[Work item] Reproduce the listing below word for word, with no pictures.

[Given information]

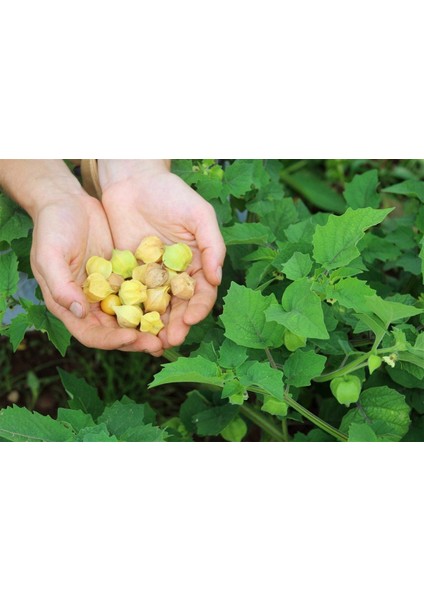 Ananas Tomatillo Altın Çilek Tohumu Physalis Ixocarpa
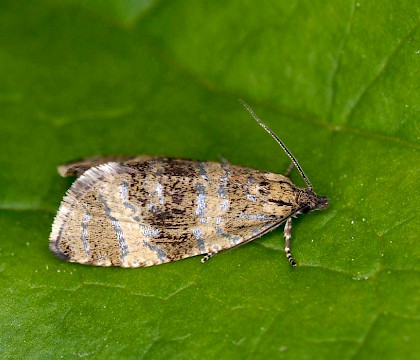 Adult &bull; Kvikne, Oppland, Norway &bull; &copy; Svein Bekkum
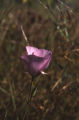 Splendid mariposa lily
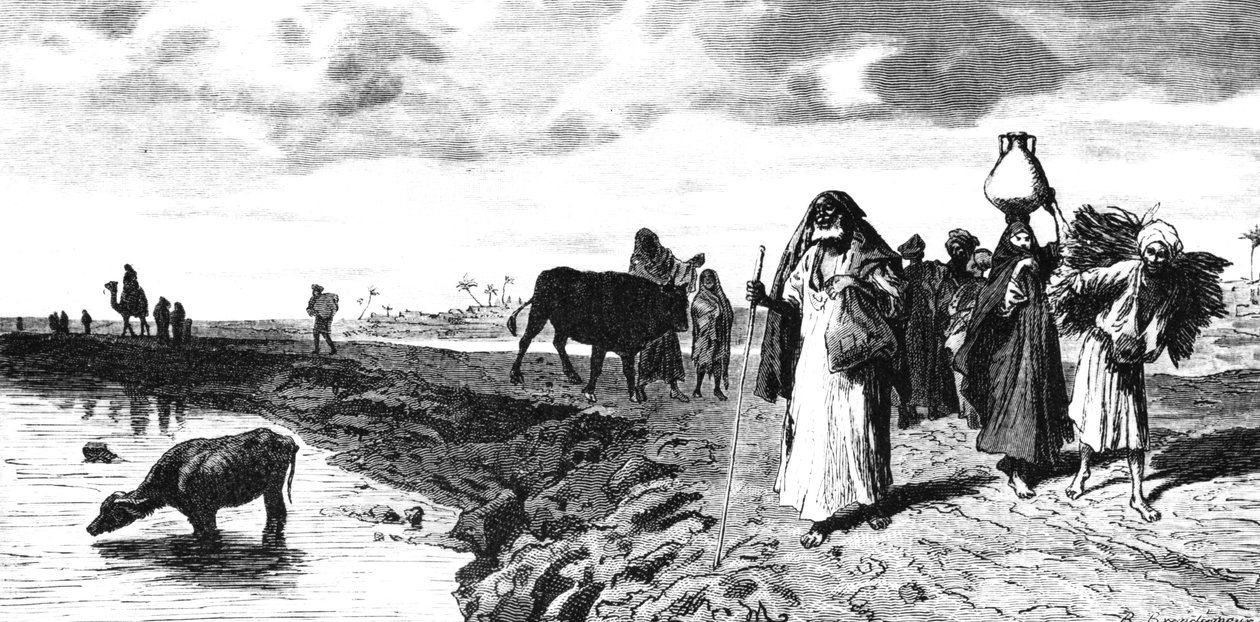 Chaussee suistossa tulvan aikaan vuonna 1880 tekijältä R. Brandamour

[Solution to the exercise]
 Ananas Tomatillo Altın Çilek Tohumu Physalis Ixocarpa
 Adult &bull; Kvikne, Oppland, Norway &bull; &copy; Svein Bekkum
 Splendid mariposa lily
 Chaussee suistossa tulvan aikaan vuonna 1880 tekijältä R. Brandamour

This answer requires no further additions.